If you look at the application for the CCW you will see on the left hand side of it an area for a photo. This photo must be provided by the individual applying for the CCW. I have read that it is supposed to be 2 inches squared, but I took in a photo that matched the rectangle box which is roughly 2 inches by 3 inches.
Generally, a good quality photo that is cut to the suggested size can work for the sheriff's office. The photo must be a good quality and at most 30 days old. The more current the photo the better simply because the state of Ohio wants the closest image of you as possible.
The CCW Application
The application is a little more tedious than most everything else in the process. The reason I say this is the address part took me a couple of days to complete to the best of my knowledge. I have moved around 35 times in my life and the application asks for each address in order since the time the applicant turned 18 years of age. But overall, the CCW application is quite simple even if some of the questions are quite wordy. Take the time to fill this out completely before calling the sheriff's office about going to apply for a CCW.
- Carry your firearm
- Bring your firearm with you at all
- Forget documentation or forms
The Sheriff's Office
When you complete all of the steps to be able to apply for the CCW, you need to decide if you are going to visit your sheriff's office or one of the adjacent counties to you. I was planning on going to the next county because my own county had very limited hours for applicants to come in and file. I looked at my county sheriff's website and found the hours are fine. My county does have limited days that they accept applicants, but it still works great for me.
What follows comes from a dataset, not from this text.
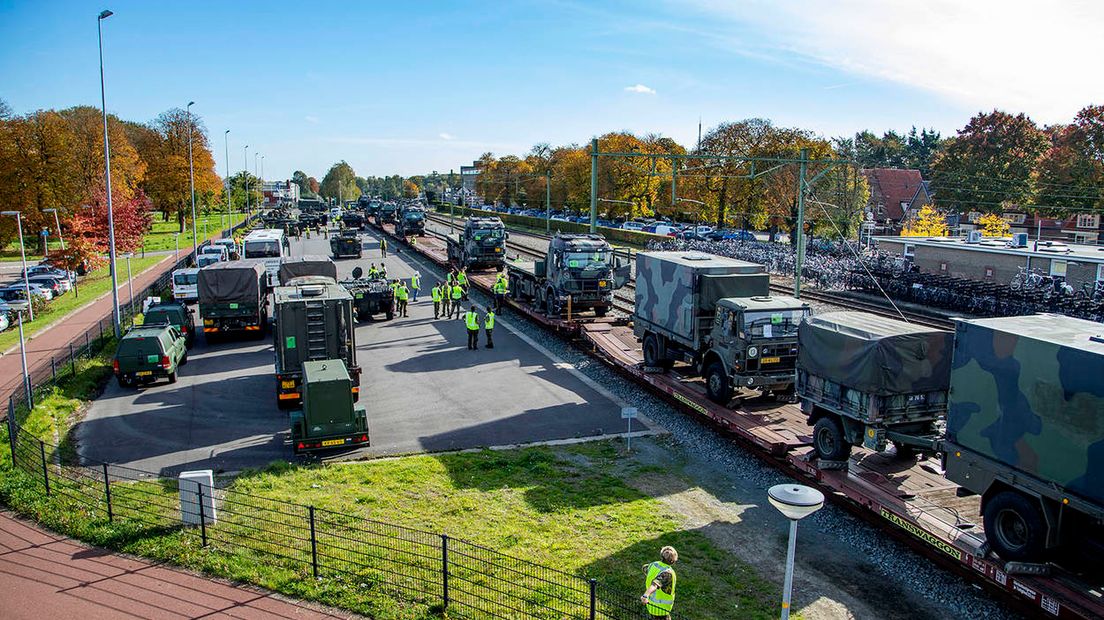 Tientallen militaire voertuigen zijn vandaag op treinwagens geladen in Steenwijk. (Rechten: Defensie)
One thing that will prevent you from wasting time and annoying your sheriff's office is to check their website or call them for the hours that they accept CCW applicants. Each county can be different about hours and days that they will allow people to apply. Also, check into the form of payment that your sheriff's office will accept. I notice my county sheriff limits some of the payment options so I need to make a stop by my bank before going to the sheriff's office.
Call and ask if they need you to make an appointment before going. Be considerate and polite. When you do go visit the sheriff's office make sure to bring the following:
- Photo I.D. - driver's license etc.
- Certificate of training - NRA is most popular
- Payment for CCW application - check for methods of payment and amount
- Passport Photo - continues on with application
- CCW Application - completely and legibly filled out
- Finger Printed - electronically or inked
- Attorney General's Pamphlet - attest that you have read it
- Pass Background and Mental Competency Check
The concealed carry goes by several names. I call it a CCW, everyone seems to recognize what I am talking about and that is what I hear the most. The second naming I see is CCL, this stands for Concealed Carry License. I have seen CCH as well, which I assume stands for Concealed Carry Handgun.
The CCW Permit
I have met people who have done everything necessary to obtain a CCW and then decided that they did not want it. There are plenty of liability issues involved with carrying a firearm with you. Make sure that you know the laws, take it serious. Practice and talk to other people who are active in gun activities. You can always learn something new from others. And I will always tell people - practice! I am always on the look for learning something new. I talk to the police, instructors, watch videos, and what ever else I can do to learn something new. I take my family's safety and mine very seriously. The best way for me to do this is to keep learning so I am more efficient and have had more repetition and muscle memory built up when something does happen.